CT in silicosis: correlation with plain films and pulmonary function tests
Abstract
To investigate the usefulness of computed tomography (CT) in the qualitative and quantitative assessment of silicosis, CT scans, chest radiographs, and pulmonary function tests were obtained in 17 patients with silicosis and six controls. CT scans were graded for extent of silicosis visually and using mean attenuation values. The extent of associated emphysema was also determined. Extent of silicosis as assessed by CT was compared with extent estimated from the chest radiographs using the ILO 1980 classification and pulmonary function tests. Significant correlation was found between both the mean attenuation values (r greater than 0.62, p less than 0.001) and the visual CT scores (r greater than 0.84, p less than 0.001) compared with the ILO category of profusion. There was good inter- and intraobserver correlation for the visual CT grades of silicosis (r greater than 0.93, p less than 0.001). There was poor correlation between the pulmonary function tests and the nodular profusion on the chest radiograph and CT (r less than 0.50). Correlation was significant, however, between the CT emphysema score and both the FEV1% predicted (r greater than 0.66, p less than 0.001) and the diffusing capacity (r greater than 0.71, p less than 0.001).
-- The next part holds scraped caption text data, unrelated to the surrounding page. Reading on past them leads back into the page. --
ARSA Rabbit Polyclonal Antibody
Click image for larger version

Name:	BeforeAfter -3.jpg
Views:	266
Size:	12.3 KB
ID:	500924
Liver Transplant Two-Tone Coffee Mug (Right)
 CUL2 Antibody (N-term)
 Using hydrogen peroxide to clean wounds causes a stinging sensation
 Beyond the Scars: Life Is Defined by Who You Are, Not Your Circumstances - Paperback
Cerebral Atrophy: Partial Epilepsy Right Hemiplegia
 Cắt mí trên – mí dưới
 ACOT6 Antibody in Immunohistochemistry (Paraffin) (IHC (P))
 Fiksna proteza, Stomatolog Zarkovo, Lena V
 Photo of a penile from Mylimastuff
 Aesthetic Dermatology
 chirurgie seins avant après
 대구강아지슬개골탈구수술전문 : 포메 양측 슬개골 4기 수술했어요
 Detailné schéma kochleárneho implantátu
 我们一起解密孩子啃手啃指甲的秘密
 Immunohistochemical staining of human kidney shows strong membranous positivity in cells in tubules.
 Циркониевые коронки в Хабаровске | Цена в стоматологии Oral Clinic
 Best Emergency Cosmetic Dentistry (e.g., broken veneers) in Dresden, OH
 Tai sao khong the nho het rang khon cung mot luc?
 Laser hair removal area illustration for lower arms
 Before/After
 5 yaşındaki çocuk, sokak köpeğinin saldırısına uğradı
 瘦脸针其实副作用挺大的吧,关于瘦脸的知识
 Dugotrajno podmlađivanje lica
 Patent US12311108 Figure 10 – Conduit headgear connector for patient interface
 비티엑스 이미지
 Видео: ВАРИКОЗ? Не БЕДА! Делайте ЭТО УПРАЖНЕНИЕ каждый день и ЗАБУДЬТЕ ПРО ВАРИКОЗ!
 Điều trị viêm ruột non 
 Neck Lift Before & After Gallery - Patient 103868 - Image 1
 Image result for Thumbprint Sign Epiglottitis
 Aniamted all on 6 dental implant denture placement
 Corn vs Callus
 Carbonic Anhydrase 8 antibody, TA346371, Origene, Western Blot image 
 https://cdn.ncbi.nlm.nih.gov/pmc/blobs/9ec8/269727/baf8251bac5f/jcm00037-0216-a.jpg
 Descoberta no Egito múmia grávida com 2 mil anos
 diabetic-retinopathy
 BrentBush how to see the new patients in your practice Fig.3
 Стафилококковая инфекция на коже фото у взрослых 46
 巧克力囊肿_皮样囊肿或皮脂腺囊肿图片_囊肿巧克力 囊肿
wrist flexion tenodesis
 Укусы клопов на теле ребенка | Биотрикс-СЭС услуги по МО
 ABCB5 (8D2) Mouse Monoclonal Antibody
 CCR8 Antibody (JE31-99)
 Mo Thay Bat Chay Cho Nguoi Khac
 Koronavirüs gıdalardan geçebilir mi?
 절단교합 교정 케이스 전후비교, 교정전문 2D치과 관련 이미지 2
Using chest film assessment of the extent of silicosis, visual CT quantitation of silicosis is accurate and reproducible. Attenuation values were less reliable and their use is not recommended as an independent assessment of disease severity. The reduced levels of lung function in these patients correlated with superimposed emphysema rather than the nodular profusion. Emphysema associated with silicosis was easily detected on CT but not on the radiograph.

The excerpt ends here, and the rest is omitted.